Each entry below must be repeated exactly, with pictures left out.

ENTRIES SUPPLIED below:

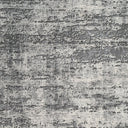 Surya Tibetan TBT-2305 Medium Gray Area Rug by LIVABLISS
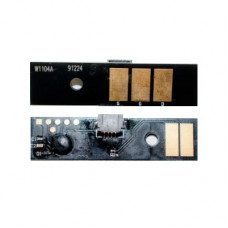 Чип для картриджа HP Neverstop laser 1000/1200 DRUM Foshan (CH-W1104A-FSH)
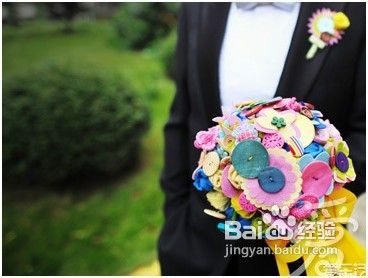 个性婚礼策划攻略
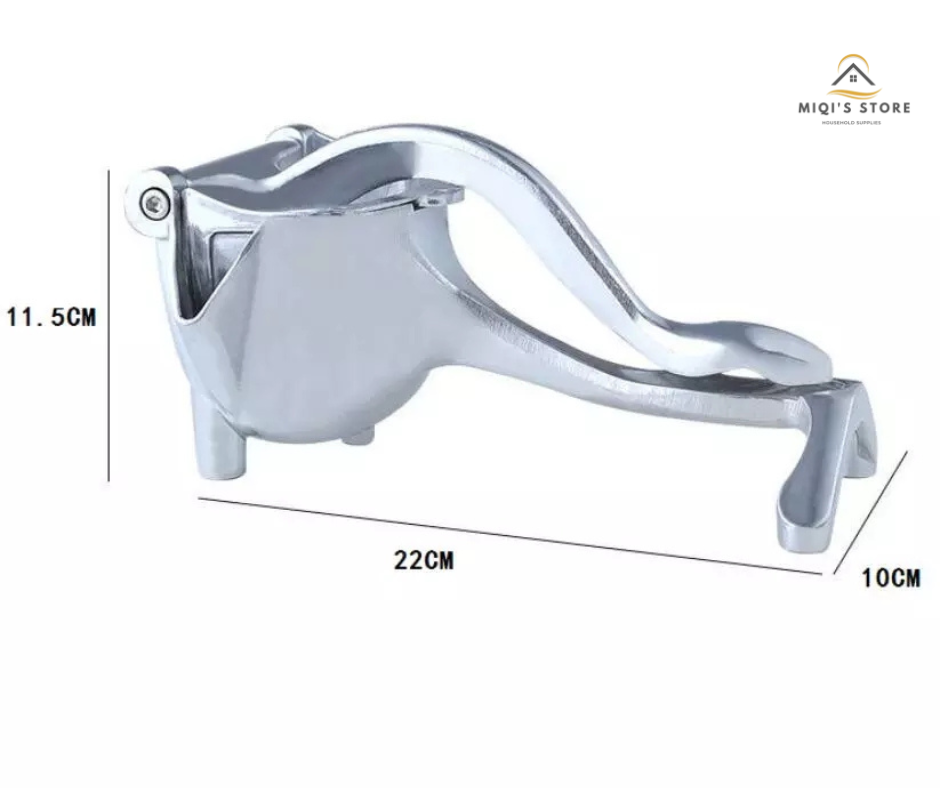 Multi Fruit Press Juicer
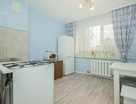 2-к. квартира, 46,8&nbsp;м²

End of ENTRIES SUPPLIED.

> ANSWER TO THE EXERCISE
 Surya Tibetan TBT-2305 Medium Gray Area Rug by LIVABLISS
 Чип для картриджа HP Neverstop laser 1000/1200 DRUM Foshan (CH-W1104A-FSH)
 个性婚礼策划攻略
 Multi Fruit Press Juicer
 2-к. квартира, 46,8&nbsp;м²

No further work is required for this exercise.